Several days before they reach California, Sam and their dad stop in a small town where they manage to corner a demon.

"Your brother is in hell right now. He burns with your girlfriend, and they both curse your name." It says.

Afterwards, John lays a hand on Sam's shoulder saying, "It's not true."

But the words are empty.


This is the end of what has been a long time. John accompanies him into the registrar's office. It doesn't take much to convince the University to take Sam back. He's been through a lot.

They stand together in the parking lot. Sam still has friends here. He has a place to stay, and can still achieve a full education, even if it takes a little more time. To Sam, this is better than before because they're talking this time around.

In the back of the Impala, there is an extra duffel bag full of dirty laundry that is still waiting for a cheap Laundromat. There is a box of tapes that no one has a use for anymore. In the trunk, there are still weapons, each one carefully in its place from the last hunt.

John helps Sam move into his friend's apartment. The friend helps them, leaving them alone once everything is done.

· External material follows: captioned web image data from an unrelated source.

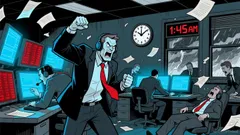 Market Overview for ICON/Tether (ICXUSDT) on 2025-12-17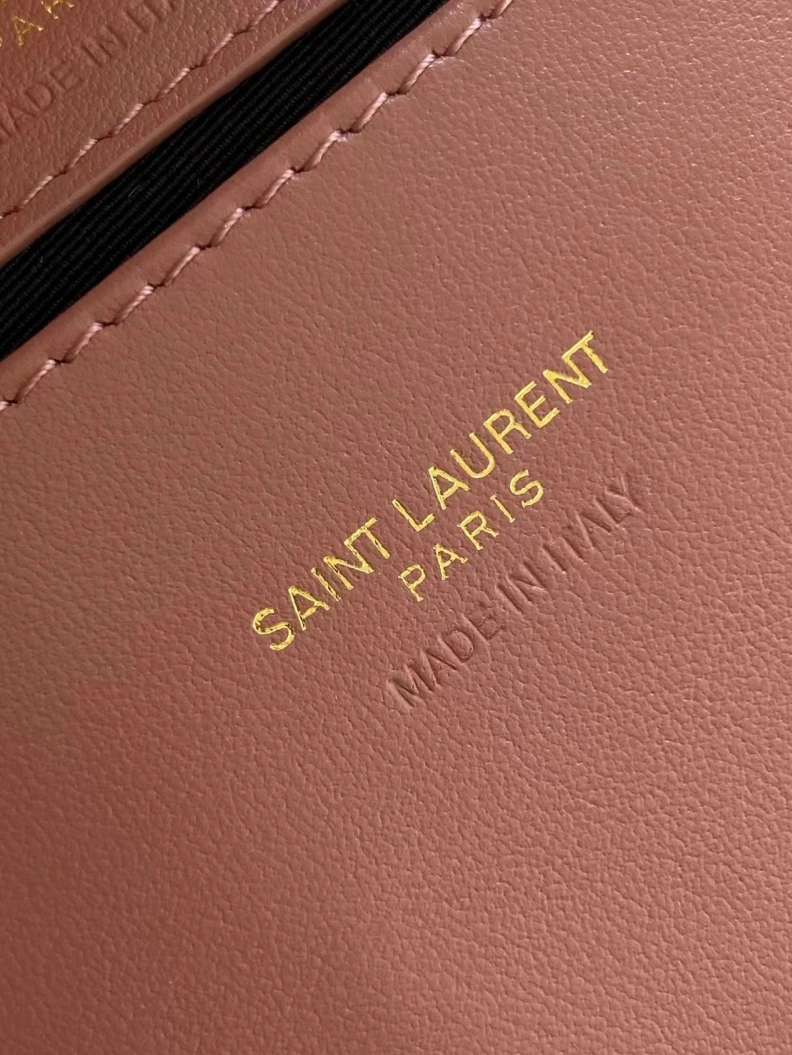 Compact YSX Satchel Bags 67045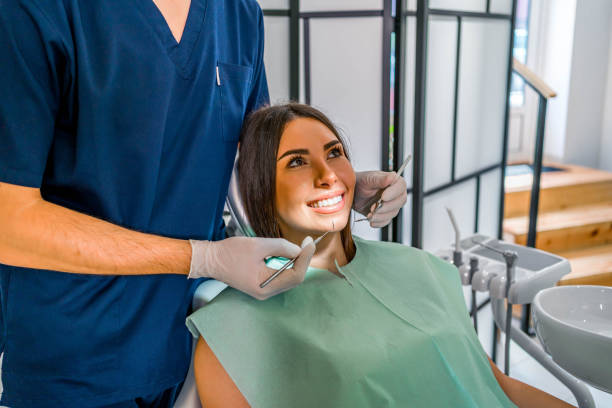 Best Preventive Dentistry  in Binghamton, NY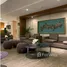 1 Habitación Departamento en venta en SMDC Breeze Residences, Pasay City, Southern District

Sam gives John back the journal. "Here. I don't need it anymore."

"Sammy…"

"It's Sam." And it is.

Their dad takes the journal. Sam stands in the middle of the room, watching the suddenly ancient man who had once been his father, leave. He knows inside that these are the last words they will ever say to each other, and Sam wishes it were easier.

But the bridge is gone, and all that's left is no man's with an unreachable body in the middle waiting in the hot sun for the vultures of the remaining Winchester's minds.